Algunos de esos datos los resguardan los comerciantes con los que se realizan las transacciones, otros están a disposición de quienes facilitan las herramientas de búsqueda, la información privada publicada en redes sociales no parece tener límites, y en muchos casos ninguna protección.
En ocasiones, los datos personales le son requeridos al cliente, como en el caso del sistema financiero que está obligado a conocer a sus clientes, o el sistema de salud, que requiere de datos todavía más privados y sensitivos, pero hay muchos casos en que los datos se comparten sin conocimiento expreso del usuario.
Por ejemplo, los datos de ubicación y destino de llamadas de los usuarios de telefonía celular, y los datos que generan los sistemas de pago de peajes y transporte público (a menos que sea prepago anónimo).
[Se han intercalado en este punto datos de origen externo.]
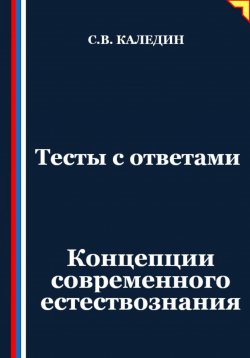 Книга "Тесты с ответами. Концепции современного естествознания" – Сергей Каледин, 2025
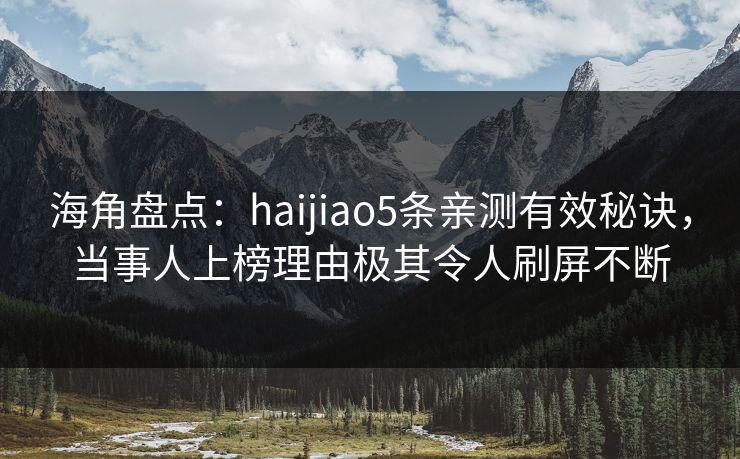 海角盘点：haijiao5条亲测有效秘诀，当事人上榜理由极其令人刷屏不断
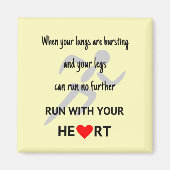 Ren met je hart inspirerend magneet (Voorkant)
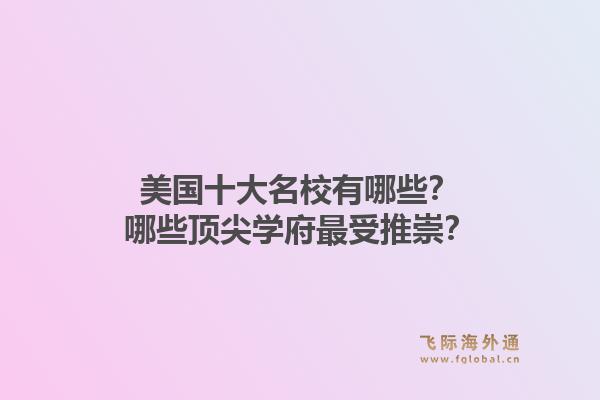 美国十大名校有哪些？哪些顶尖学府最受推崇？1.jpg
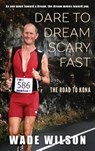 Dare to Dream Scary Fast - Wade Wilson - 9798992052220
La seguridad de nuestros datos privados que nos brindan las instituciones financieras, los proveedores de servicios de salud, los operadores de telefonía celular, los comercios electrónicos y los administradores de sistemas de pagos electrónicos, depende, en parte, de las obligaciones regulatorias, y, en parte, de las medidas de ciberseguridad que se adopten. Es bien sabido que en materia de ciberseguridad no existe riesgo cero, y que conforme el riesgo se acerca a cero, el costo crece exponencialmente.
Un mínimo de privacidad
Todo esto me lleva a considerar si tendrán razón los fatalistas que con frecuencia leemos que dicen “la privacidad se acabó, acostúmbrese”. Yo no creo que la privacidad sea un derecho humano por accidente histórico, creo importante que podamos mantener un mínimo de privacidad e intimidad.
Creo que el resguardo de los datos financieros, de salud y de telecomunicaciones debe regularse estrictamente, incluyendo la adopción de las medidas de ciberseguridad más extremas (como el cifrado de todos los datos en tránsito y en reposo).
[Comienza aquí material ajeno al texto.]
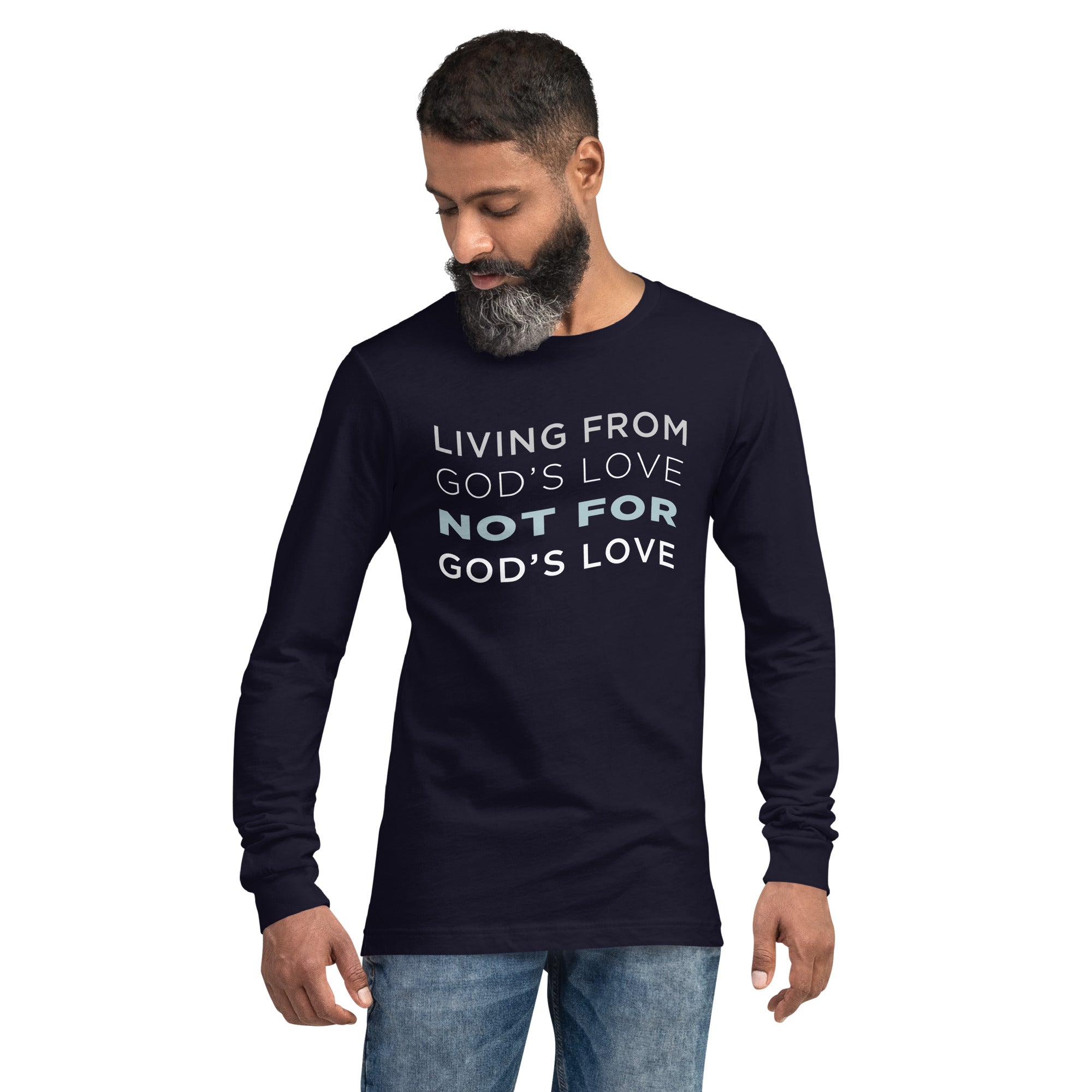 Living From God's Love Unisex Long Sleeve Tee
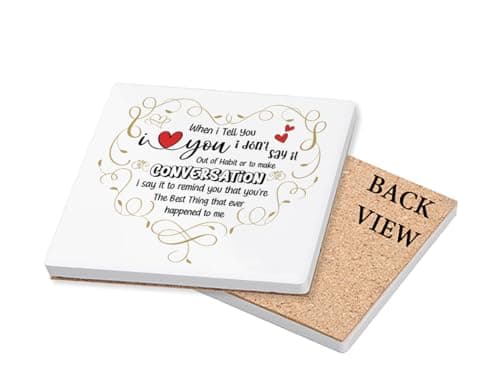 Image of Couple Gift, When I Tell You I Love You, Valentine's Day Gift, Tableware, Coffee, Tea, Drink Coaster. (Square Ceramic Coaster)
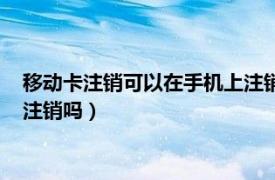 移动卡注销可以在手机上注销吗苹果（移动卡注销可以在手机上注销吗）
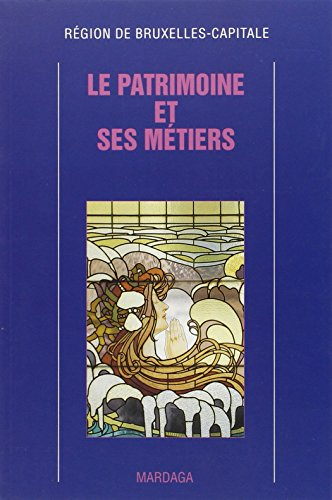 Le patrimoine et ses métiers : Région de Bruxelles-Capitale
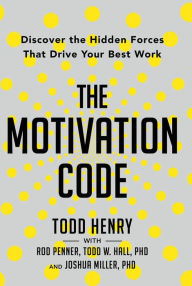 Free books to download on nook The Motivation Code (English Edition) ePub PDF by Todd Henry, Rod Penner, Todd W Hall 9798986295718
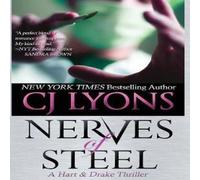 Cj Lyons Nerves of Steel: A Hart & Drake Thriller Hardback Book Cj Lyons Multicolor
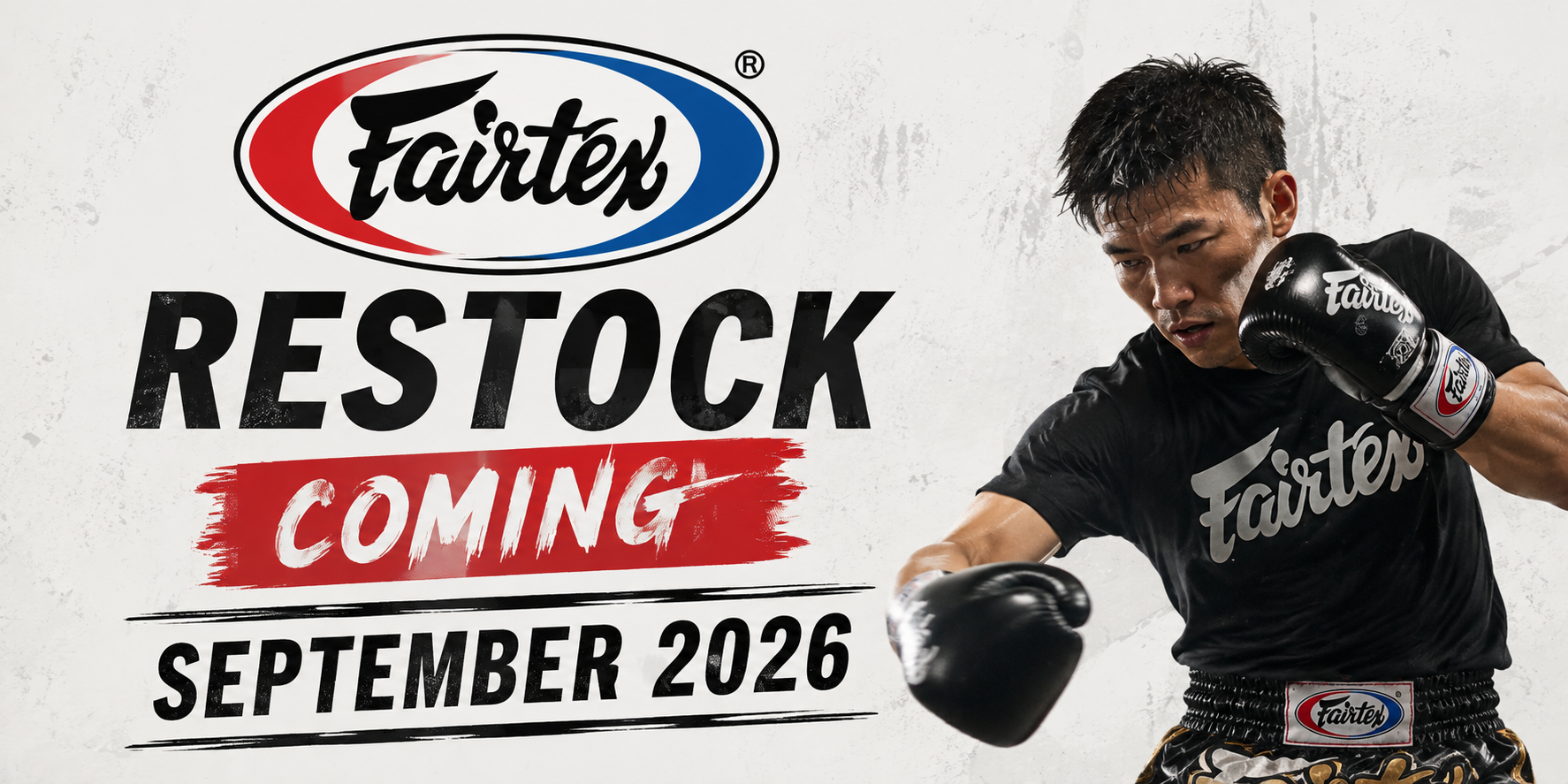 Promotional graphic for Fairtex Restock, showing a male boxer in a black Fairtex shirt and black gloves on the right, alongside the Fairtex logo and text reading 'RESTOCK COMING SEPTEMBER 2026' on a light textured background.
La información personal que constantemente brindamos a empresas de búsquedas, de comercio electrónico y de redes sociales es mucho más difícil de regular. Todas cumplen con divulgar lo que pueden hacer con los datos de los usuarios y cómo evitar brindarles la información, pero nadie lee dichas divulgaciones.
Las redes sociales ofrecen maneras de mantener los datos privados (definir quiénes pueden acceder los datos), pero dichas configuraciones son difíciles de entender y tienden a cambiar con frecuencia.
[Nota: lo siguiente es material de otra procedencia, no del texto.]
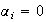 $\alpha_i=0$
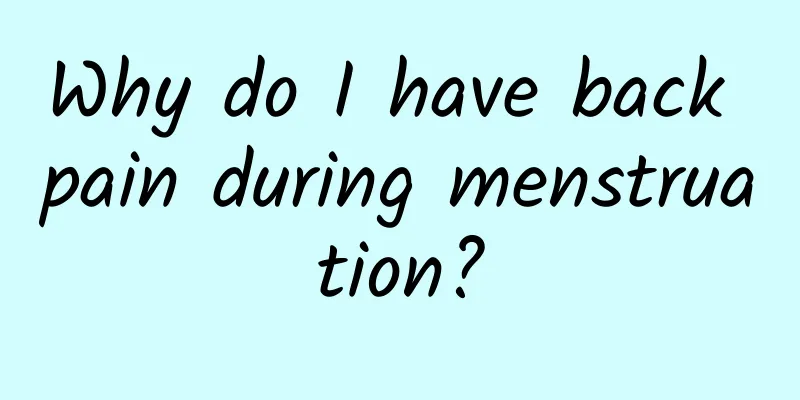 Why do I have back pain during menstruation?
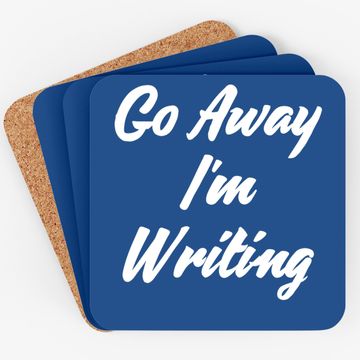 Discover Go Away I Am Writing Coaster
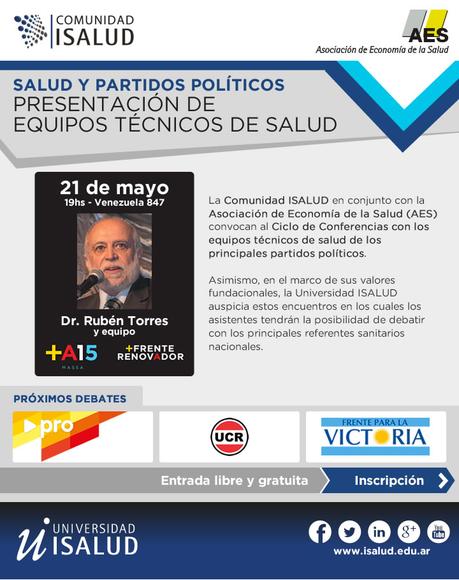 Comunidad ISALUD: Presentacion de Equipos Tecnicos de Salud de los partidos politicos.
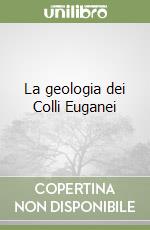 La geologia dei Colli Euganei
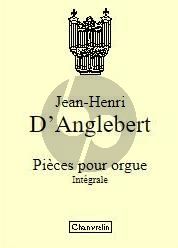D'Anglebert Pieces pour Orgue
El problema se complica si fuera cierto lo que me han comentado recientemente. Dicen que muchas empresas utilizan las redes sociales para conocer a los posibles empleados, eso no tiene nada de malo, lo que si preocupa es que, supuestamente, cuando no encuentran a un prospecto en las redes sociales, lo descartan, ya que “debe tener algo raro, o tiene algo que esconder”.
La clara discriminación que este comportamiento encierra es preocupante, sobre todo, porque es casi imposible de confirmar, a menos que sea una política expresa y documentada del departamento de recursos humanos.
Gran problema
El mayor problema es que la mayoría de la gente no se ha dado cuenta de la magnitud del problema. Esto se puede atacar de dos maneras. Que una institución pública, con fondos públicos, haga una campaña de concientización (en redes sociales y medios tradicionales) y que utilice los Centros Comunitarios Inteligentes para ayudar a los que requieran ayuda a adoptar medidas de privacidad.
La otra es que un emprendedor invierta en la concientización y venda el servicio de capacitación para la adopción de las medidas. El mejor y más rápido enfoque es, obviamente, una combinación de las dos.
Sin lugar a dudas, la manera más segura de hacer valer el derecho a la privacidad en redes sociales es no participar en ellas.